It could be related to spaces in the data or something else.
Suppose, if the data has some spaces at the end or the beginning.
pub1 <- c('Brown DK, Santos R, Rome DF, Don Juan X')
pub2 <- c('Benigni D')
pub3 <- c('Arstra SD, Van den Hoops DD, lamarque D ')

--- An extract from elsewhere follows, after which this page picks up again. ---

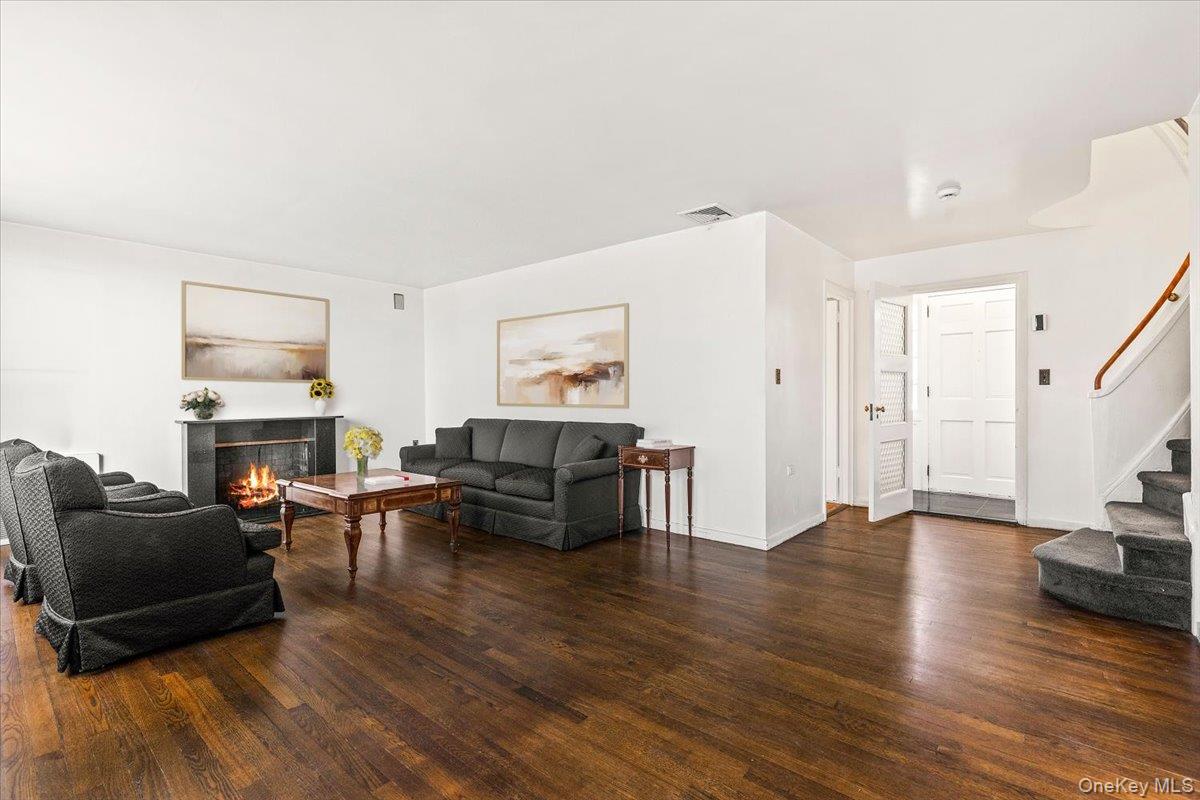 #6 photo, 210 WYNDCLIFF Road, Scarsdale , NY 10583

pubnew<-rbind(pub1, pub2, pub3)
res<-as.data.frame(do.call(cbind,lapply(dat1,function(x) gsub("^ | \$","",gsub("[A-Za-z]+\$","",gsub(" \$","",x))))),stringsAsFactors=F)
str(res)
#'data.frame':    3 obs. of  4 variables:
# \$ V1: chr  "Brown" "Benigni" "Arstra"
# \$ V2: chr  "Santos" "" "Van den Hoops"
# \$ V3: chr  "Rome" "" "lamarque"
# \$ V4: chr  "Don Juan" "" ""

#If I used the previous solution:
as.data.frame(do.call(cbind,lapply(dat1,function(x) gsub(" \$","",gsub("^ |\\w+\$","",x)))),stringsAsFactors=F)
V1            V2         V3       V4
1   Brown        Santos       Rome Don Juan
2 Benigni
3  Arstra Van den Hoops lamarque D  # initial present.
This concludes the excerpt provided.